Exercise data —
[Start of Attachment]

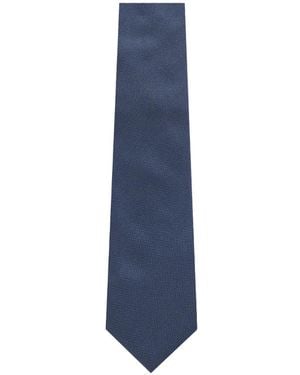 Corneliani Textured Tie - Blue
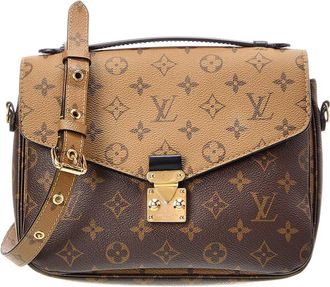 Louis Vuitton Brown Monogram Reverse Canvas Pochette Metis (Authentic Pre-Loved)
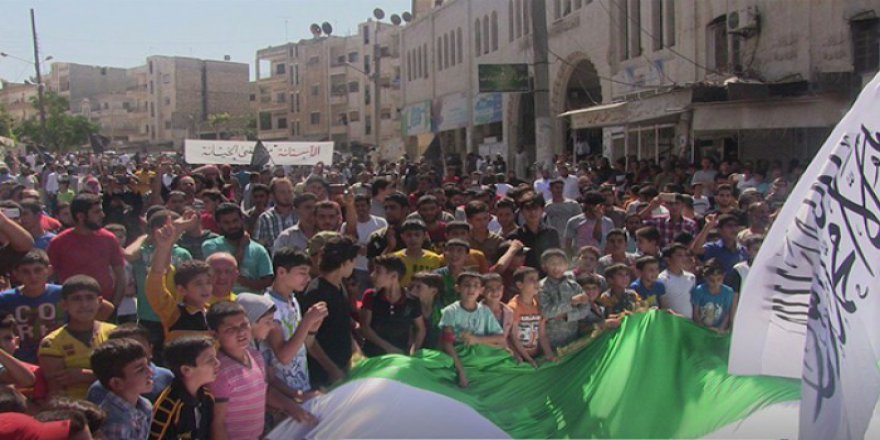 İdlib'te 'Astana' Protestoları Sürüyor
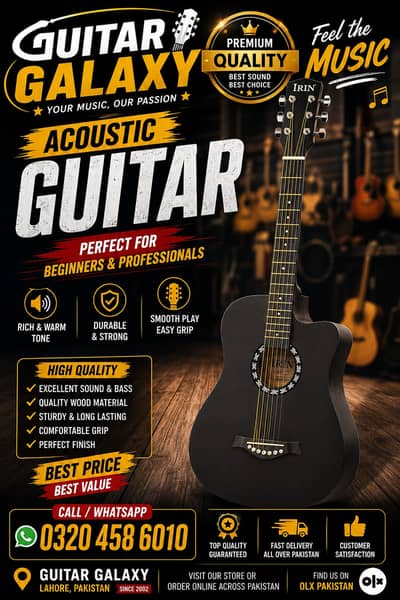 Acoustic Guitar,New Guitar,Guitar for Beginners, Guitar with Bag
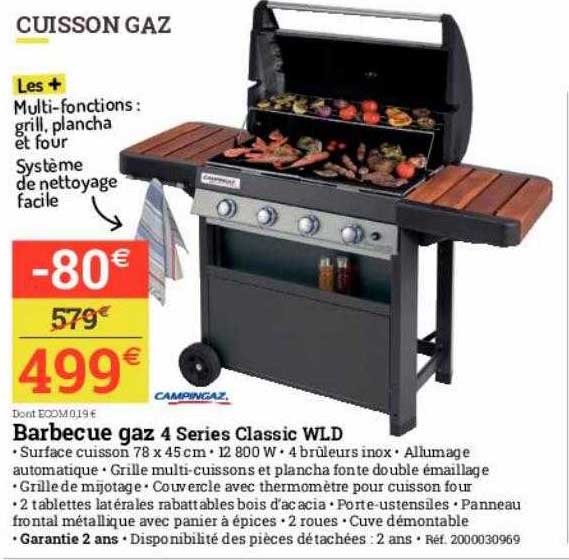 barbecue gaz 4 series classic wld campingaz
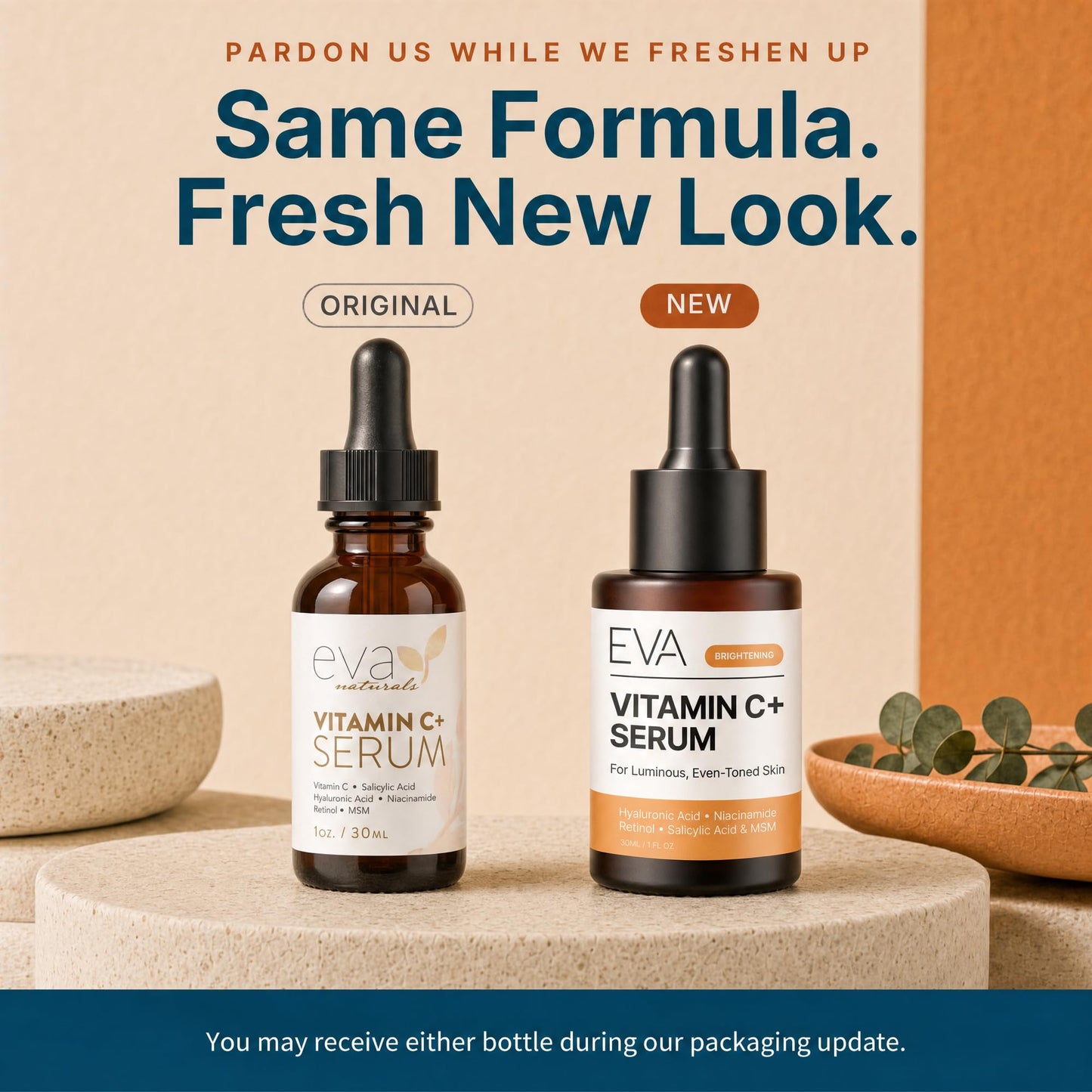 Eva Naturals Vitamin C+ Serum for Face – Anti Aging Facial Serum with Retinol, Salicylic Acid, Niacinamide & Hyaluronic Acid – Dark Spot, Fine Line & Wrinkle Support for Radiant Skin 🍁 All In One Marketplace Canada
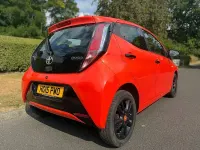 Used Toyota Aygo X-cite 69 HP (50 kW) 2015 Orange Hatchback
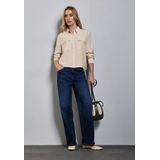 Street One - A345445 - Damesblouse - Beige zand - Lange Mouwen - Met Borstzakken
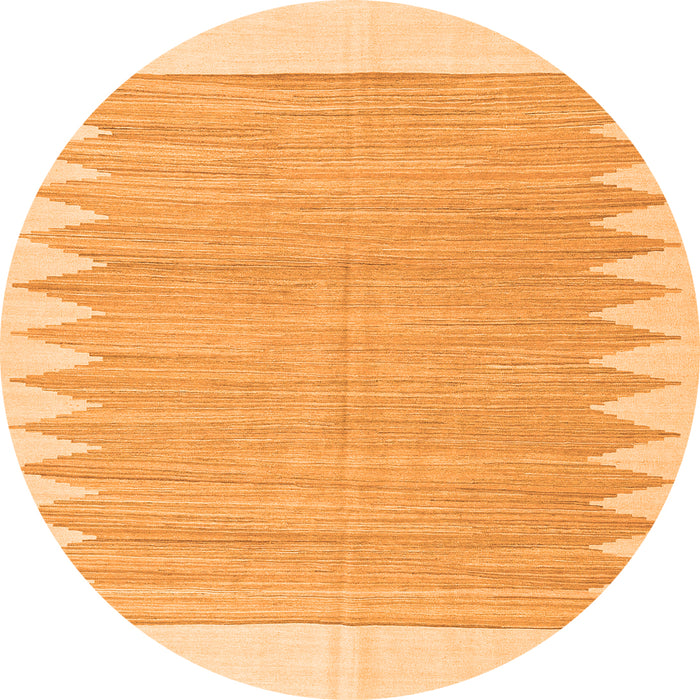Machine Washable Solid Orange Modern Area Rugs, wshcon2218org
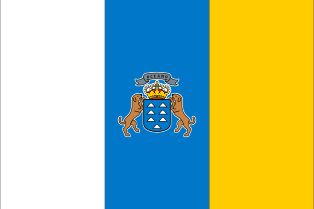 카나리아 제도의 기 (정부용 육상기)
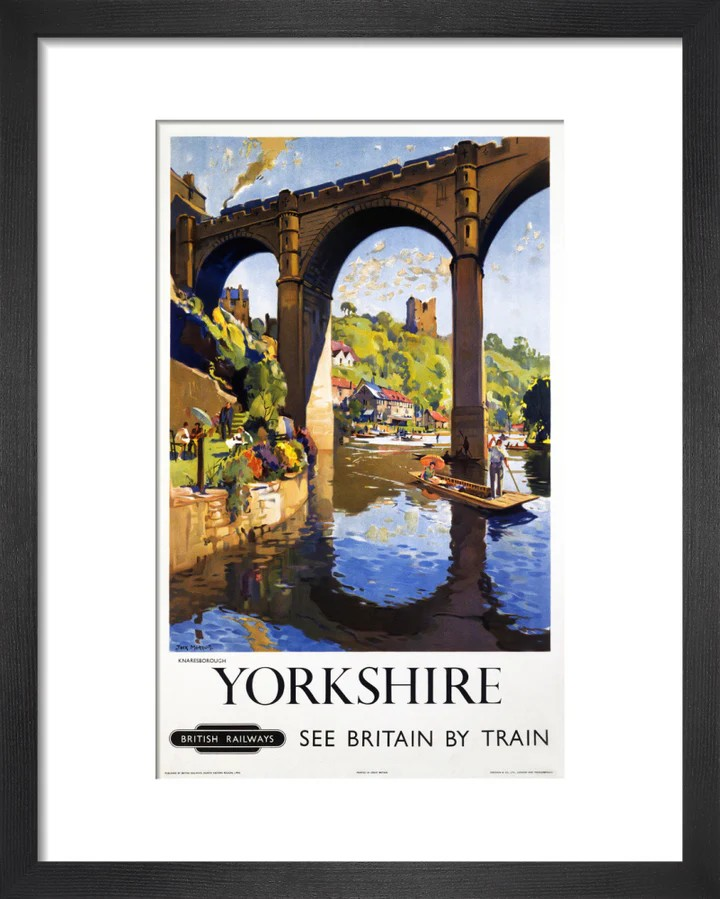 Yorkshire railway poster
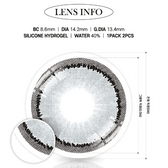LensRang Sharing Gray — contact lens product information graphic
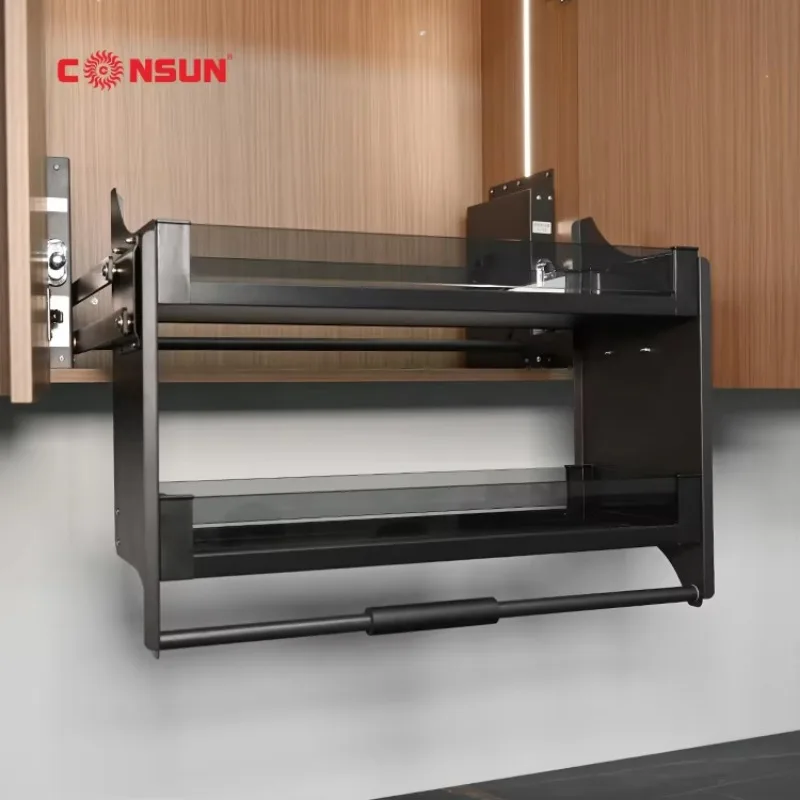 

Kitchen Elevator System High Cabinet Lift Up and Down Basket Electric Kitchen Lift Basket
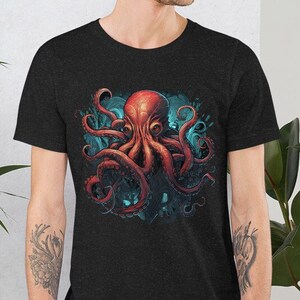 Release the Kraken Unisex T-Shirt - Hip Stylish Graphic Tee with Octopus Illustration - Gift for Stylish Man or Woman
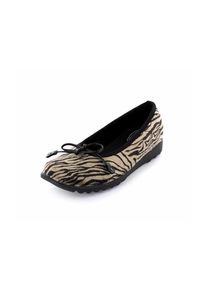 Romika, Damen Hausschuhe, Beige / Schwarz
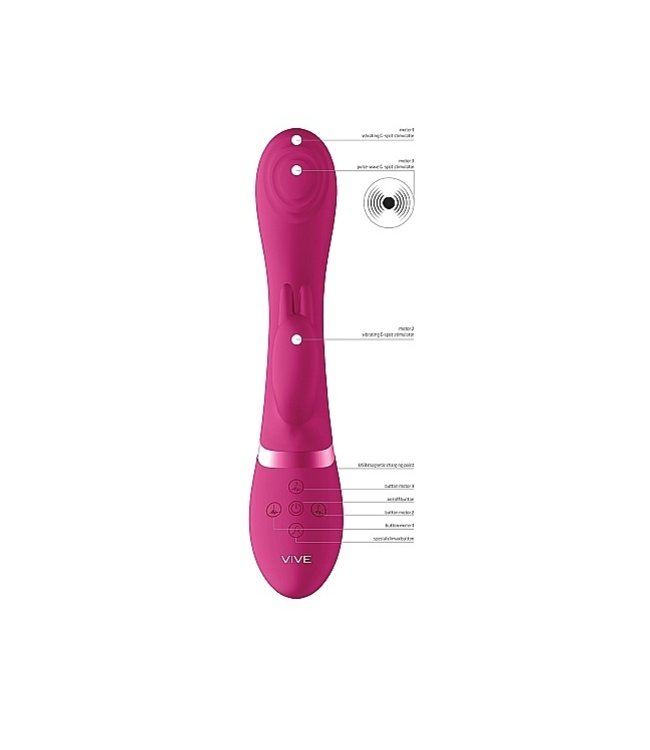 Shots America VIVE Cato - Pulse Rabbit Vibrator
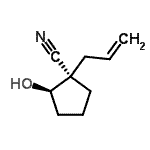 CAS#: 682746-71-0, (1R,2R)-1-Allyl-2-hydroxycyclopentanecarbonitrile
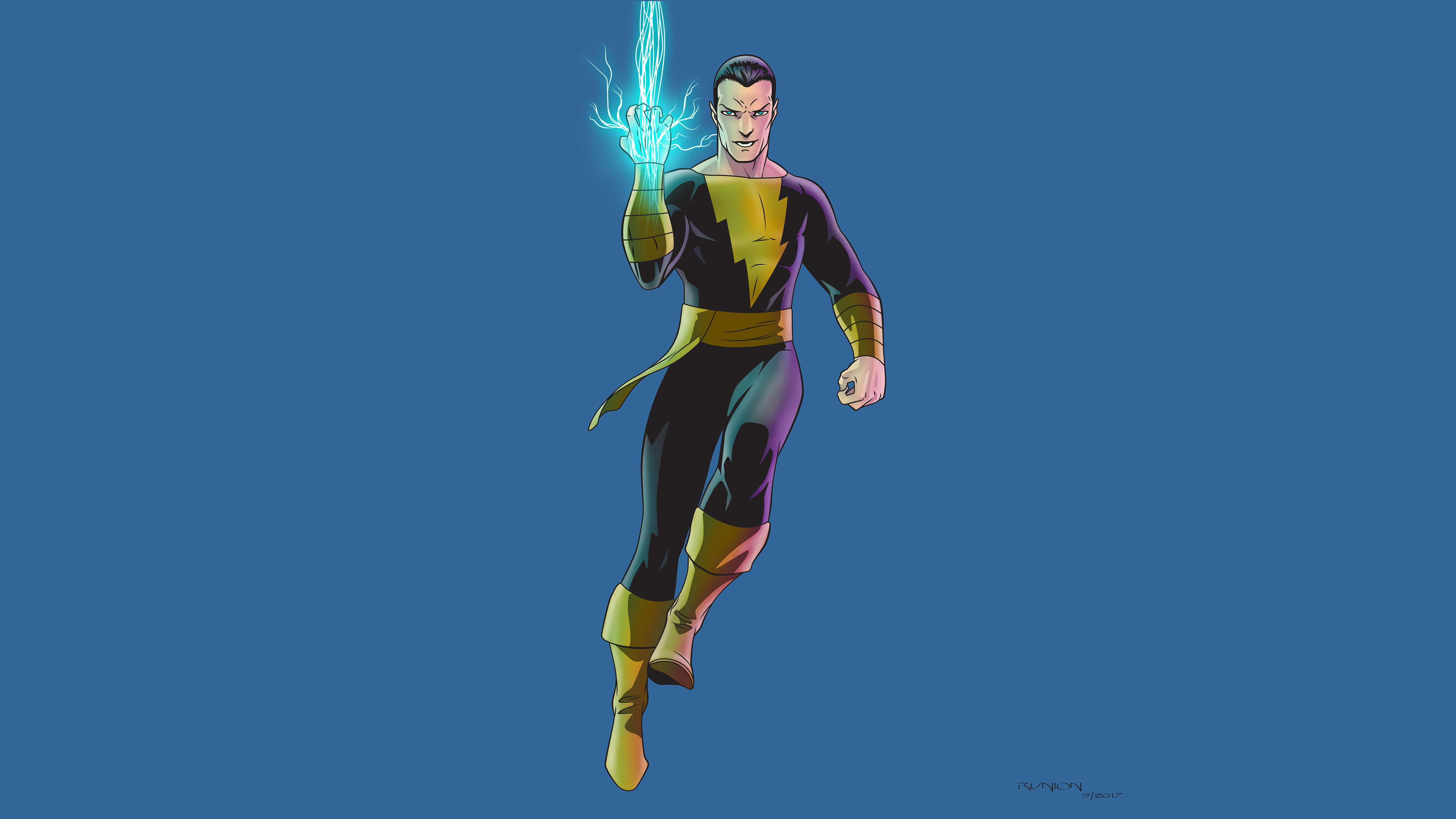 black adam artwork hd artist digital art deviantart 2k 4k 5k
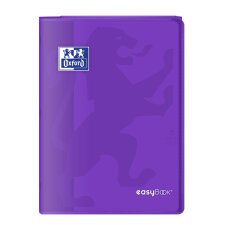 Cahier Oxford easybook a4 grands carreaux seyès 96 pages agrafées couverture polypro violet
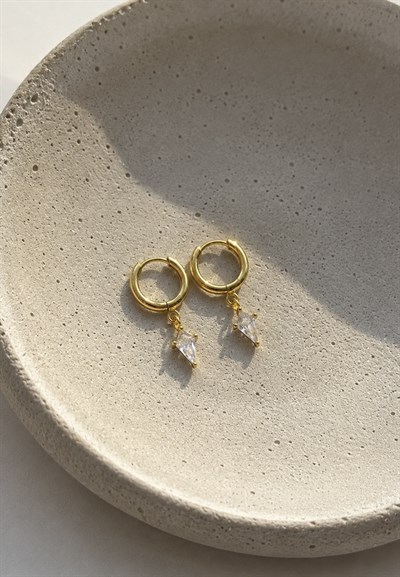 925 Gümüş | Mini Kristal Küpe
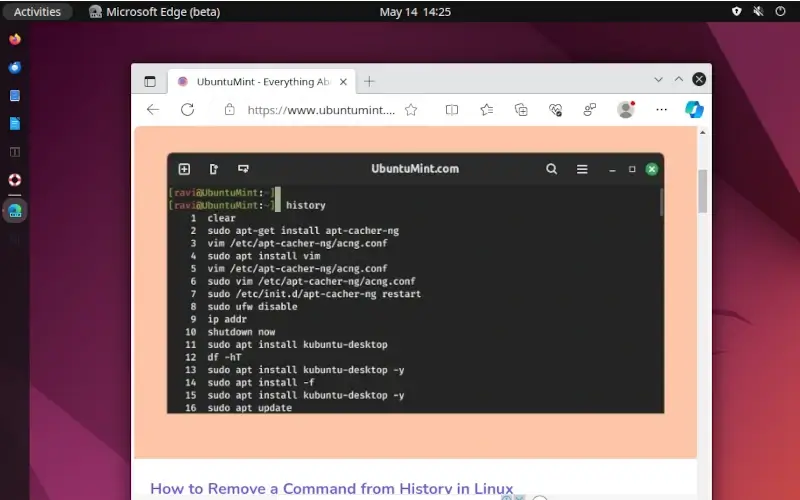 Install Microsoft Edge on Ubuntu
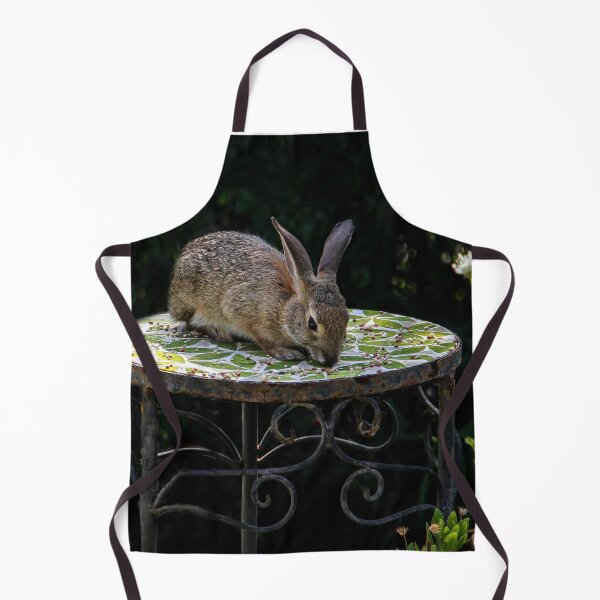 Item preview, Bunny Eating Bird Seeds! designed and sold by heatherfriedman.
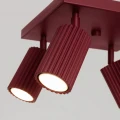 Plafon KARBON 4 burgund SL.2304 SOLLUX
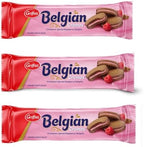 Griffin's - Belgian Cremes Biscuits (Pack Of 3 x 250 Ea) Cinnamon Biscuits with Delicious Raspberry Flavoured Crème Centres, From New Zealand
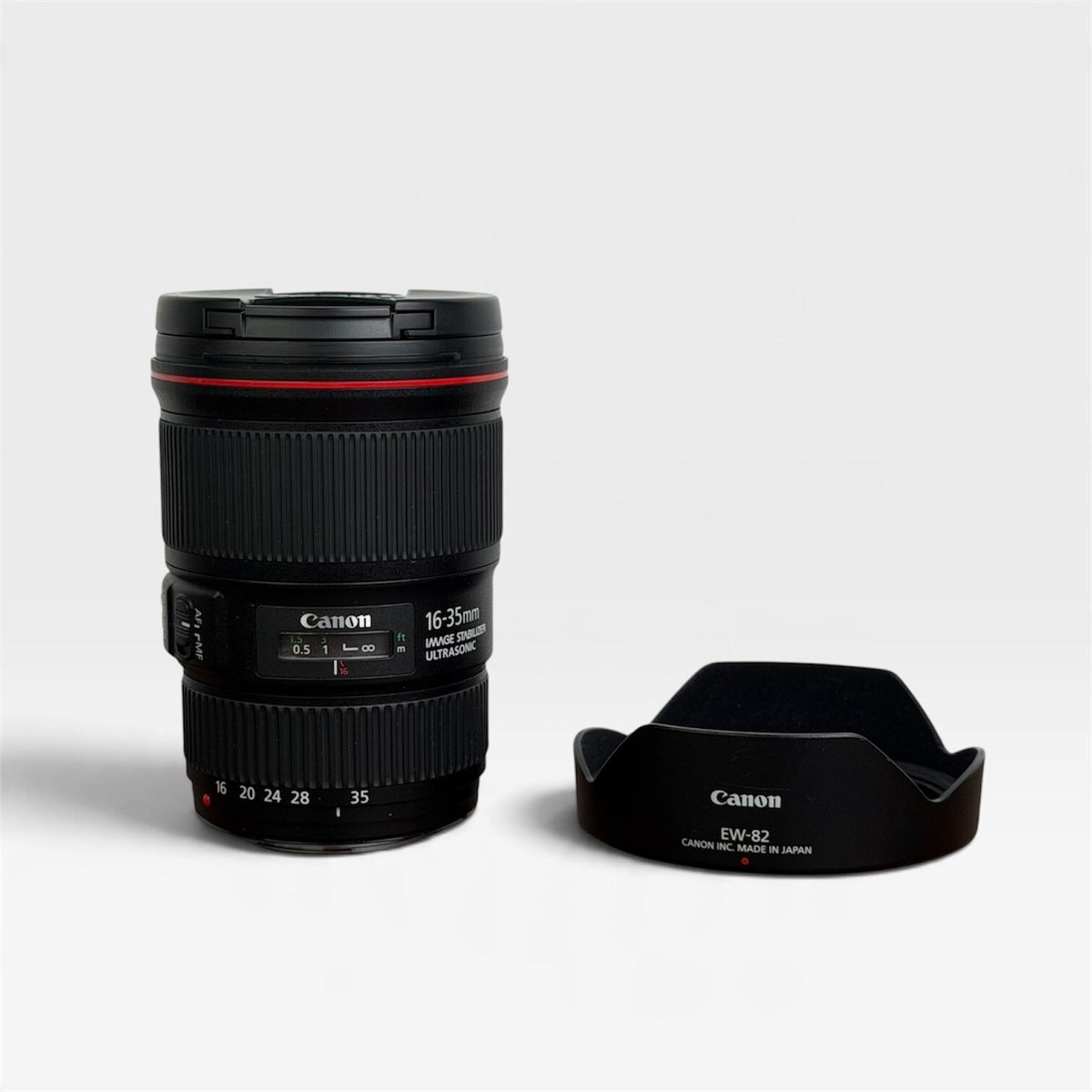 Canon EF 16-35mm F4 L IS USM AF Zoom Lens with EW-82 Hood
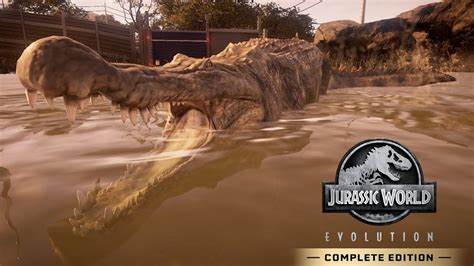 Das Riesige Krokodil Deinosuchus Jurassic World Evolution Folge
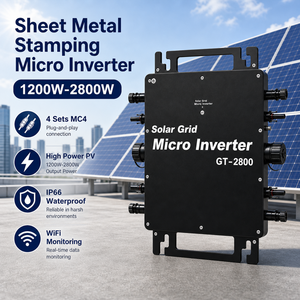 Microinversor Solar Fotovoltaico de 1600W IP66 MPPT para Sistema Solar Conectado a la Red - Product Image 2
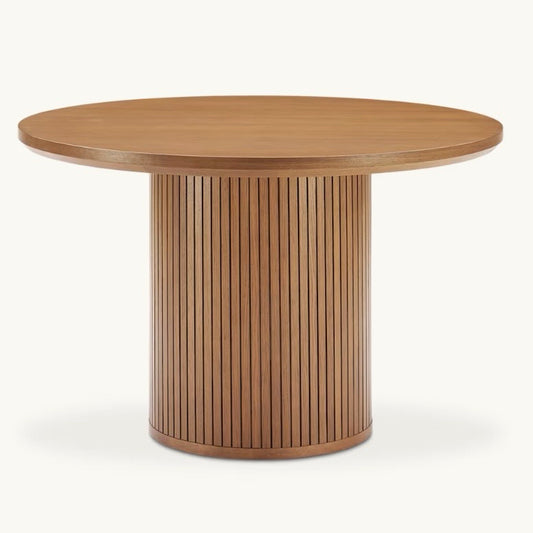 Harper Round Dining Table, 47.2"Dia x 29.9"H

[End of Attachment]

The problem — Retype the records above word for word, from their first line through the line containing "Das Riesige Krokodil", and leave out every picture.

Solution to the problem —
 Corneliani Textured Tie - Blue
 Louis Vuitton Brown Monogram Reverse Canvas Pochette Metis (Authentic Pre-Loved)
 İdlib'te 'Astana' Protestoları Sürüyor
 Acoustic Guitar,New Guitar,Guitar for Beginners, Guitar with Bag
 barbecue gaz 4 series classic wld campingaz
 Eva Naturals Vitamin C+ Serum for Face – Anti Aging Facial Serum with Retinol, Salicylic Acid, Niacinamide & Hyaluronic Acid – Dark Spot, Fine Line & Wrinkle Support for Radiant Skin 🍁 All In One Marketplace Canada
 Used Toyota Aygo X-cite 69 HP (50 kW) 2015 Orange Hatchback
 Street One - A345445 - Damesblouse - Beige zand - Lange Mouwen - Met Borstzakken
Machine Washable Solid Orange Modern Area Rugs, wshcon2218org
 카나리아 제도의 기 (정부용 육상기)
 Yorkshire railway poster
LensRang Sharing Gray — contact lens product information graphic

Kitchen Elevator System High Cabinet Lift Up and Down Basket Electric Kitchen Lift Basket
 Release the Kraken Unisex T-Shirt - Hip Stylish Graphic Tee with Octopus Illustration - Gift for Stylish Man or Woman
 Romika, Damen Hausschuhe, Beige / Schwarz
 Shots America VIVE Cato - Pulse Rabbit Vibrator
 CAS#: 682746-71-0, (1R,2R)-1-Allyl-2-hydroxycyclopentanecarbonitrile
 black adam artwork hd artist digital art deviantart 2k 4k 5k
 Cahier Oxford easybook a4 grands carreaux seyès 96 pages agrafées couverture polypro violet
 925 Gümüş | Mini Kristal Küpe
 Install Microsoft Edge on Ubuntu
 Item preview, Bunny Eating Bird Seeds! designed and sold by heatherfriedman.
 Plafon KARBON 4 burgund SL.2304 SOLLUX
 Griffin's - Belgian Cremes Biscuits (Pack Of 3 x 250 Ea) Cinnamon Biscuits with Delicious Raspberry Flavoured Crème Centres, From New Zealand
 Canon EF 16-35mm F4 L IS USM AF Zoom Lens with EW-82 Hood
 Das Riesige Krokodil Deinosuchus Jurassic World Evolution Folge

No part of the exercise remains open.